Embora o cenário internacional sinalize um tom mais construtivo, a Bolsa brasileira segue fragilizada pela performance dos grandes bancos e do setor de energia, que limitam qualquer tentativa de recuperação ao longo da manhã desta quarta-feira.
Bancos recuam e ajudam a puxar o índice para baixo
Os principais bancos pesam sobre o Ibovespa e ampliam a aversão ao risco. Itaú (ITUB4) cai 0,37%, enquanto Santander (SANB11) recua 0,30%. Logo depois, Banco do Brasil (BBAS3) registra queda de 0,18%, e Bradesco (BBDC4) perde 0,31%, reforçando a pressão no índice.
Apesar de oscilações pontuais, o setor financeiro não encontra espaço para reversão, já que os investidores seguem cautelosos diante do ambiente macro. Como resultado, o fluxo vendedor permanece, mesmo com o exterior positivo.
Consequentemente, o peso combinado dos bancos impede qualquer tração mais firme do Ibovespa, que se mantém preso ao campo negativo.
Petrobras recua e Vale tenta aliviar o tombo
As ações da Petrobras (PETR4) caem 0,52%, o que intensifica a fraqueza do mercado. O papel reage ao movimento dos preços do petróleo e ao tom mais defensivo dos investidores, que reduzem exposição ao setor de energia.

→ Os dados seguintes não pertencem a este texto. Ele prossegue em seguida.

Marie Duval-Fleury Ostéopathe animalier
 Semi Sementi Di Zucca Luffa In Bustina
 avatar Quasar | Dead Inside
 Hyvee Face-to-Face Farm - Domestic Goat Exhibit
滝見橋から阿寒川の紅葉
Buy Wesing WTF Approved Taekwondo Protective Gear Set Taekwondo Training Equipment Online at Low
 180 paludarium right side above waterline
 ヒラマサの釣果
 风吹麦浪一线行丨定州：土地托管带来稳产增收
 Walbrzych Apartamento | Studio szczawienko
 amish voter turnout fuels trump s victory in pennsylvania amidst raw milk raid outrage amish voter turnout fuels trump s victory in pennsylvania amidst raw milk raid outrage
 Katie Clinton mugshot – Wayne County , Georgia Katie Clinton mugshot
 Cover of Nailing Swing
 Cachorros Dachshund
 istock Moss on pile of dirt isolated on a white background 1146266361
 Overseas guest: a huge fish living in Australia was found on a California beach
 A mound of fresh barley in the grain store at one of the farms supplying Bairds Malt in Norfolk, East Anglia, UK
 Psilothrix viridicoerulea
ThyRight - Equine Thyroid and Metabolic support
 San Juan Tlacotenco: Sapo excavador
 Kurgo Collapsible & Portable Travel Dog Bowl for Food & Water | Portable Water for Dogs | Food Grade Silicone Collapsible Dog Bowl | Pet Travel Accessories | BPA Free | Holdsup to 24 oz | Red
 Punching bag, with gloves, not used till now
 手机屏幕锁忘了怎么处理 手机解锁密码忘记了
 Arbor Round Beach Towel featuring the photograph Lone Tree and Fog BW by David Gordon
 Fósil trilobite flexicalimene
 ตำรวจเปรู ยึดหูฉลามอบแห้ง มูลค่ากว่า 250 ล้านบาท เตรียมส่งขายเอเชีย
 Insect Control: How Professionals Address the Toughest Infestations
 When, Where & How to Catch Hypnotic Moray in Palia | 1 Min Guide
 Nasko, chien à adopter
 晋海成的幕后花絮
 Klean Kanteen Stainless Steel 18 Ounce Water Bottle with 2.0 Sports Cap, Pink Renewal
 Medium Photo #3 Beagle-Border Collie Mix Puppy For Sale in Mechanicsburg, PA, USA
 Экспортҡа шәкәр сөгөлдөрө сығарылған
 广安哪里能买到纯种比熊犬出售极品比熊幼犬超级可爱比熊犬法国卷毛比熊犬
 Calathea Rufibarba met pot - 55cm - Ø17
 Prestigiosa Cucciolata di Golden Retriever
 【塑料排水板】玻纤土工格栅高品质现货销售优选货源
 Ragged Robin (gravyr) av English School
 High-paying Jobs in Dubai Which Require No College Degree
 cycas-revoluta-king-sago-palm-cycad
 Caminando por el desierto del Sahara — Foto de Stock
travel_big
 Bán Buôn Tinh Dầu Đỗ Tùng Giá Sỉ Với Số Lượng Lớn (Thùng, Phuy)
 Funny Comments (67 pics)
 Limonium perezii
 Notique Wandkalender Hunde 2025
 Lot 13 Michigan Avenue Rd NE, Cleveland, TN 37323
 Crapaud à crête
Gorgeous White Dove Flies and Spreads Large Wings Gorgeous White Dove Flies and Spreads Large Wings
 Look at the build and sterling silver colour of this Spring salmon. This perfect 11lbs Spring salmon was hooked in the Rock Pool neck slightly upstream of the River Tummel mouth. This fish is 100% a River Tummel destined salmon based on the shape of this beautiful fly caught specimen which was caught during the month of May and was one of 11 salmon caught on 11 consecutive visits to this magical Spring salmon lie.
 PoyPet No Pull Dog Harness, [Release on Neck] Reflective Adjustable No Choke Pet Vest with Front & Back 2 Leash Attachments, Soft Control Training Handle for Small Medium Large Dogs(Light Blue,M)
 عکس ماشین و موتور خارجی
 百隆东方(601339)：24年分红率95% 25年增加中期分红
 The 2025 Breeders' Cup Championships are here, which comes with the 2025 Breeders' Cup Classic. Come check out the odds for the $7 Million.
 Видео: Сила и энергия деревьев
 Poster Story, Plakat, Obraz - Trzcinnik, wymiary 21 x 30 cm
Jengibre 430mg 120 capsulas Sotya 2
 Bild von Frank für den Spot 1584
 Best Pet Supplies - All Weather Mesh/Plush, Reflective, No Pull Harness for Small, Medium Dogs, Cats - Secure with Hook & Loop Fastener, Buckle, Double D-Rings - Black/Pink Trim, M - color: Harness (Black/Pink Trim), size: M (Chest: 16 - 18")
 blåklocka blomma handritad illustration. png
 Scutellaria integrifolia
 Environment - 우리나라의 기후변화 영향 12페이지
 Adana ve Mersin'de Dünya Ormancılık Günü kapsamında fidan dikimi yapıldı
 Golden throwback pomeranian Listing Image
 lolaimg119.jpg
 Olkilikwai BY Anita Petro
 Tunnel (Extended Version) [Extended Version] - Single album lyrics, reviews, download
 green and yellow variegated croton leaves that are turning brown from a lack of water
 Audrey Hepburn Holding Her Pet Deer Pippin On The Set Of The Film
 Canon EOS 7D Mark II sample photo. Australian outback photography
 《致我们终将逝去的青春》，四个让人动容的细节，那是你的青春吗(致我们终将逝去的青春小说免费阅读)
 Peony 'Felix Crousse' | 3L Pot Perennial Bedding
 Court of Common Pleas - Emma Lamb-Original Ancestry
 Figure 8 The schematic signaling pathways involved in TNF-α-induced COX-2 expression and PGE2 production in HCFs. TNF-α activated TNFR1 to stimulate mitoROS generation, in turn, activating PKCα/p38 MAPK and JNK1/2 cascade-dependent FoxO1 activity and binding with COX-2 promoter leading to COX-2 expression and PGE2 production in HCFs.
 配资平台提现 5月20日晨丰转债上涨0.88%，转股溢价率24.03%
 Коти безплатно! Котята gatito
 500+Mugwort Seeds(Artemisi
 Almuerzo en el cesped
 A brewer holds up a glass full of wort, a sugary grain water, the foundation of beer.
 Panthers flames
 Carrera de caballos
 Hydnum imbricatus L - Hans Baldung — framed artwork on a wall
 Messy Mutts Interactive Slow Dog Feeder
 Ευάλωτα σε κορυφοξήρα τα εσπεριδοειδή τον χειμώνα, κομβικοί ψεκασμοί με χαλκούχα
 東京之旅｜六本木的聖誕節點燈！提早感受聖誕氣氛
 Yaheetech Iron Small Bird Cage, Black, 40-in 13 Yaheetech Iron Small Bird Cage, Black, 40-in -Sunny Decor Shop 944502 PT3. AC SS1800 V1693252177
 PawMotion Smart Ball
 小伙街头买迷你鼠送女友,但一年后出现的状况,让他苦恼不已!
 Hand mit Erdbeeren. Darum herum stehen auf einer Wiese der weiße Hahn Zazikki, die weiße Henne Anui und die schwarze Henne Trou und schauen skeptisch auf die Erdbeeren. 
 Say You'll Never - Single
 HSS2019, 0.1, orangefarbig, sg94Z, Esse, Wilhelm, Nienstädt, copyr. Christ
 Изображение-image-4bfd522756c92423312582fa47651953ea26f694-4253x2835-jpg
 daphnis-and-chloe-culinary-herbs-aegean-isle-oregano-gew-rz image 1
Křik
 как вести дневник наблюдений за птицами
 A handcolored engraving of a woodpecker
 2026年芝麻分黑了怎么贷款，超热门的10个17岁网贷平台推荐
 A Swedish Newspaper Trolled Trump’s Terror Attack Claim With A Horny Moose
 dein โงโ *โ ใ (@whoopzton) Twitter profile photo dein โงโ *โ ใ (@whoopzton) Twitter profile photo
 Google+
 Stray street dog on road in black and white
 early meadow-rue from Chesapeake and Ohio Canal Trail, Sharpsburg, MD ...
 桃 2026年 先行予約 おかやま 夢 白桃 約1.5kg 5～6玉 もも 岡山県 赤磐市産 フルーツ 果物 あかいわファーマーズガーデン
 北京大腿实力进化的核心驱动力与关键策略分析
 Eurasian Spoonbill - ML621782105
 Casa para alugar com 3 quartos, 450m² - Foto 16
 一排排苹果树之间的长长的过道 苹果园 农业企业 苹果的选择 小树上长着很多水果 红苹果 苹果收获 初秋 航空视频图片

Por outro lado, Vale (VALE3) avança 0,09%, tentando limitar a queda do Ibovespa. O minério de ferro sustenta leve melhora e ajuda a estabilizar parte do sentimento na Bolsa. Mesmo assim, o efeito positivo não é suficiente para virar o jogo.
Ainda assim, os investidores seguem atentos ao comportamento das commodities, já que a volatilidade desses mercados costuma ditar boa parte do humor local.
Exterior tenta puxar os ativos, mas dólar sobe e DIs ficam mistos
Enquanto o mercado brasileiro opera com pressão, os índices futuros dos EUA mostram força. O Dow Jones Futuro sobe 0,22%, o S&P 500 Futuro avança 0,37% e a Nasdaq Futuro ganha 0,45%, oferecendo algum suporte ao apetite ao risco.
Mesmo com o exterior positivo, o dólar comercial sobe para R$ 5,33, sinalizando busca por proteção. O movimento reforça a cautela dos investidores, especialmente diante do cenário fiscal brasileiro.
Ao mesmo tempo, os juros futuros (DIs) operam mistos, refletindo incertezas macro e ajustes técnicos após as últimas sessões. A combinação desses fatores mantém o mercado doméstico travado, apesar do alívio lá fora.